## [WHAT THE EXERCISE ASKS]
Leave the images aside and repeat the whole listing exactly.

## [STORED DATA]
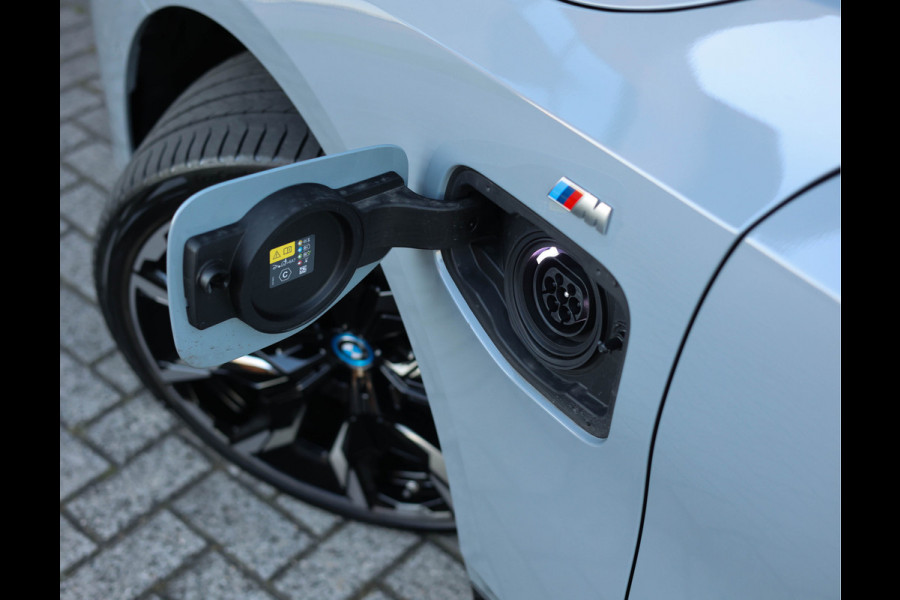 BMW 5 Serie Touring 550e xDrive *Direct leverbaar!*Full option*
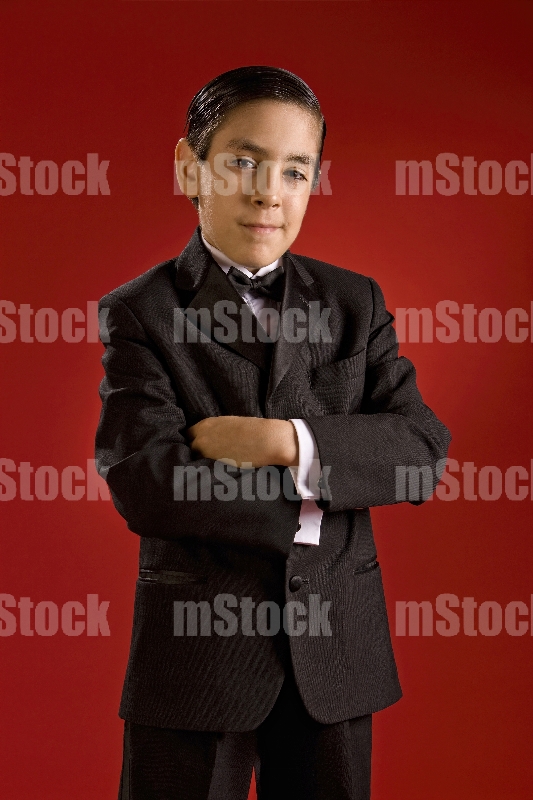 Niño con traje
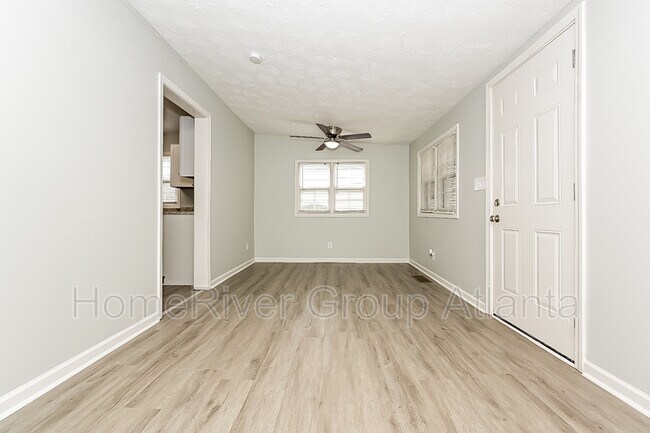 Foto del edificio - 2453 Calvin Ave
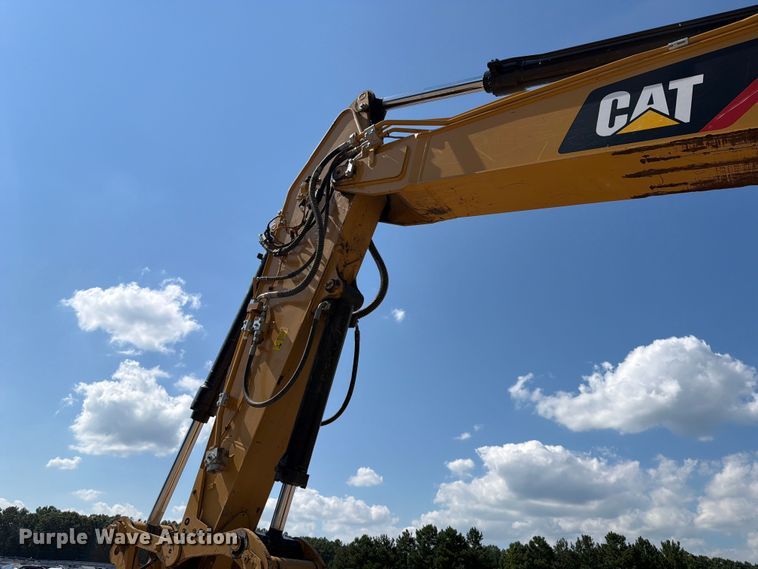 image for item YA4705 2019 Caterpillar 320 excavator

## [PROBLEM SOLUTION]
 BMW 5 Serie Touring 550e xDrive *Direct leverbaar!*Full option*
 Niño con traje
 Foto del edificio - 2453 Calvin Ave
 image for item YA4705 2019 Caterpillar 320 excavator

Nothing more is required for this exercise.